The reply is a verbatim copy of the listing below with its images dropped.

[[ MATERIAL PROVIDED, beginning ]]

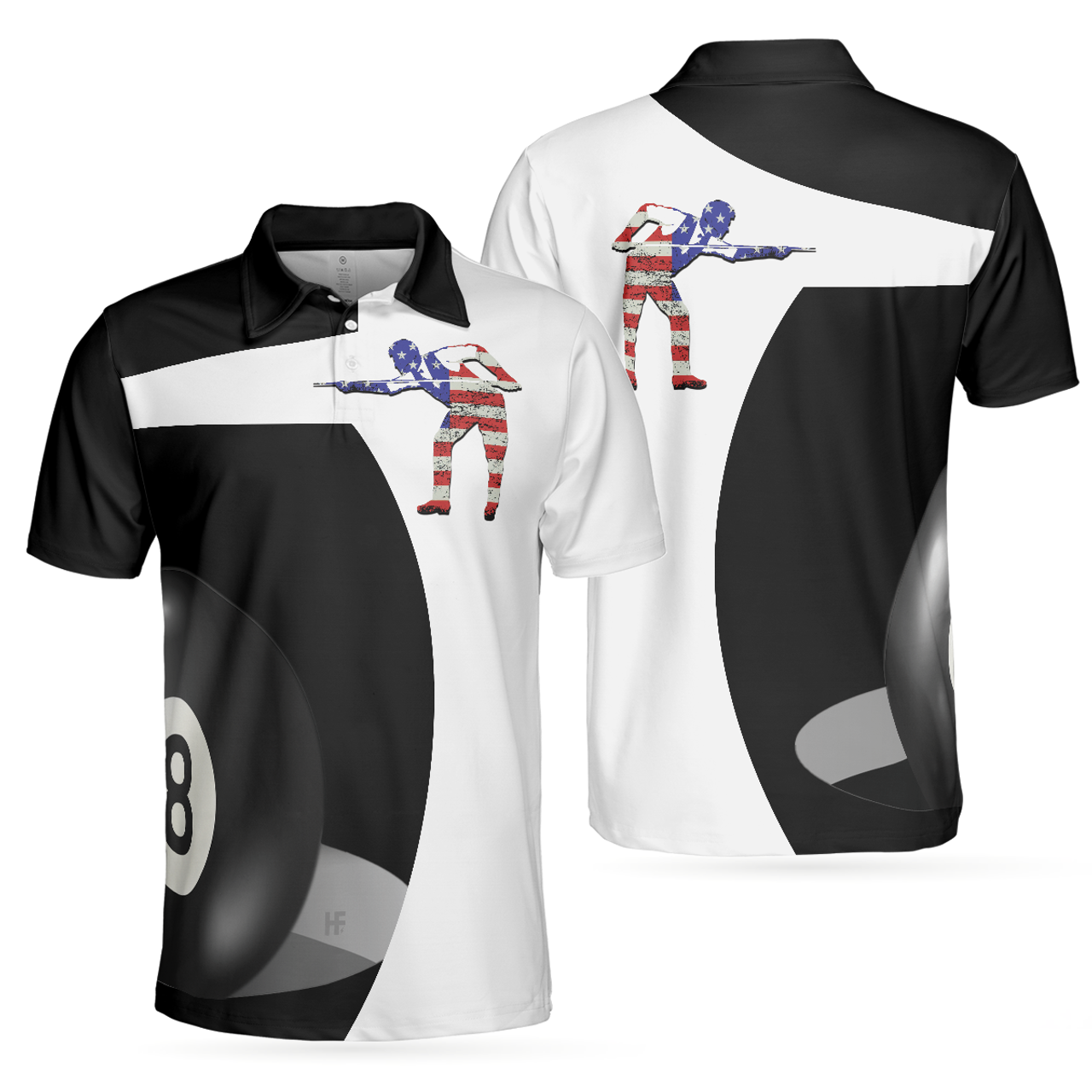 Billiard Shot American Flag Shirt Gift for Players Men's Polo Shirt S-5XL
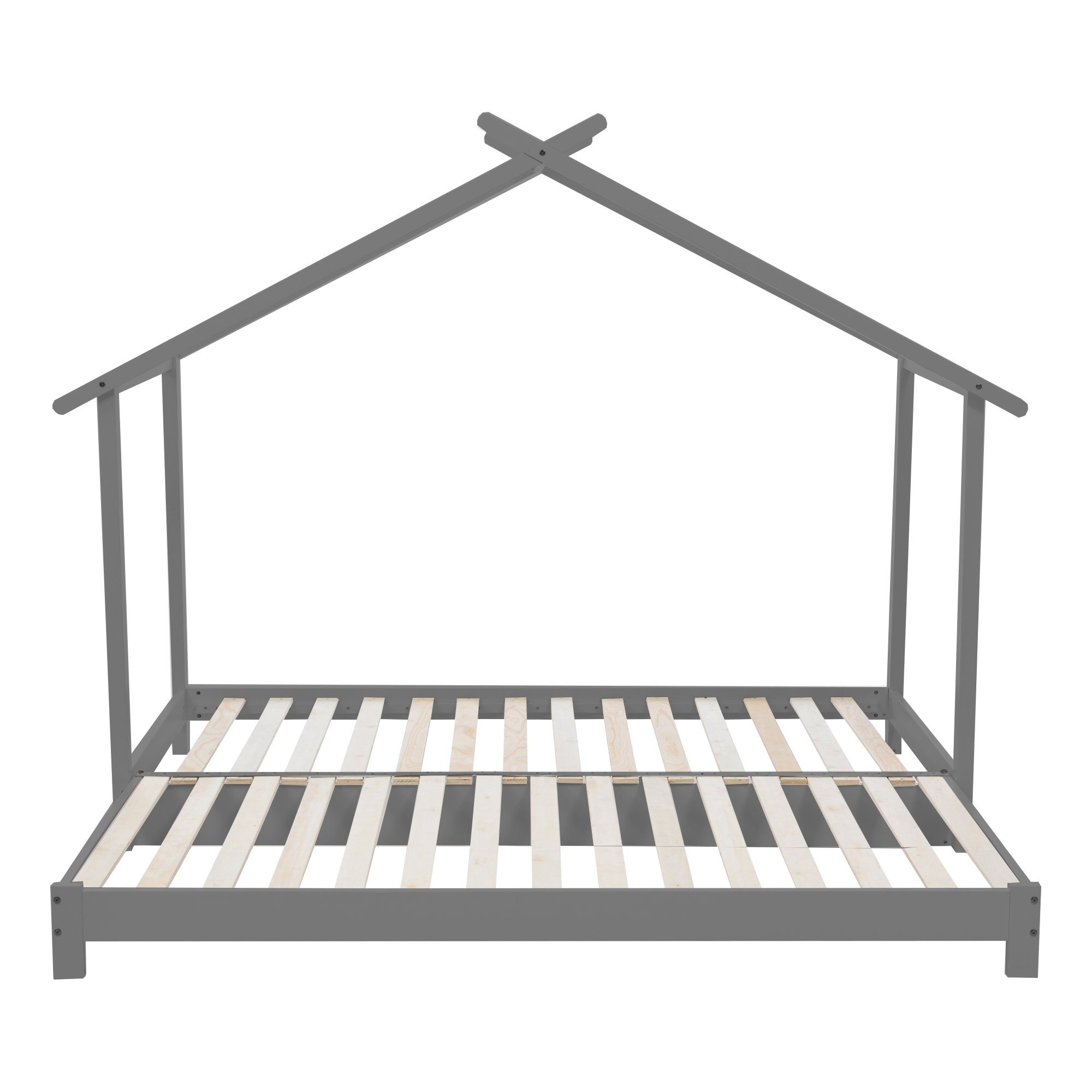 Hausbett Kinderbett umbaubar Bett 190cm ohne weiß, x 90 Einzelbett WISHDOR grau Kinderbett /180 Lattenrost Bett Matratze (mit Bodenbett),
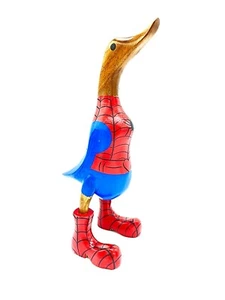 STUNNING HAND PAINTED WOODEN DUCK (SPIDERMAN) - Picture 1 of 3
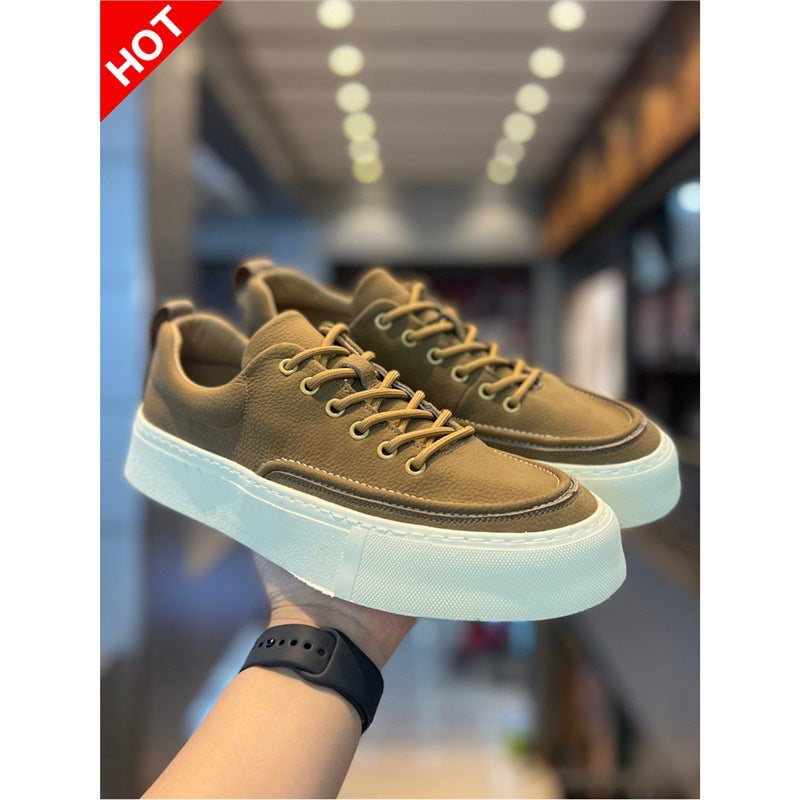 Mens Cowhide Casual Sneakers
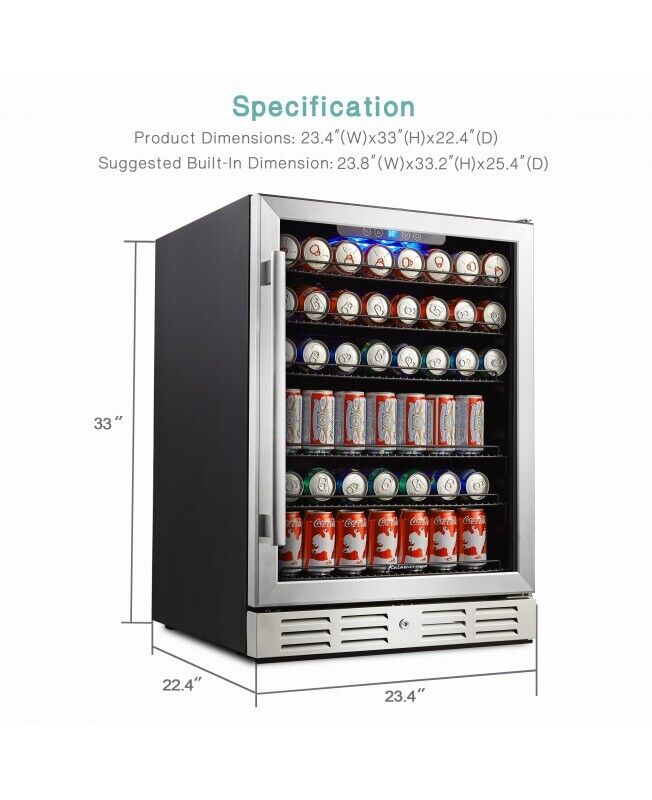 Kalamera 24 Inch Built In Beverage Cooler 5.3 Cu.Ft 175 Can Single Zone Beverage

[[ MATERIAL PROVIDED, end ]]

ANSWER SECTION:
 Billiard Shot American Flag Shirt Gift for Players Men's Polo Shirt S-5XL
 Hausbett Kinderbett umbaubar Bett 190cm ohne weiß, x 90 Einzelbett WISHDOR grau Kinderbett /180 Lattenrost Bett Matratze (mit Bodenbett),
 STUNNING HAND PAINTED WOODEN DUCK (SPIDERMAN) - Picture 1 of 3
 Mens Cowhide Casual Sneakers
 Kalamera 24 Inch Built In Beverage Cooler 5.3 Cu.Ft 175 Can Single Zone Beverage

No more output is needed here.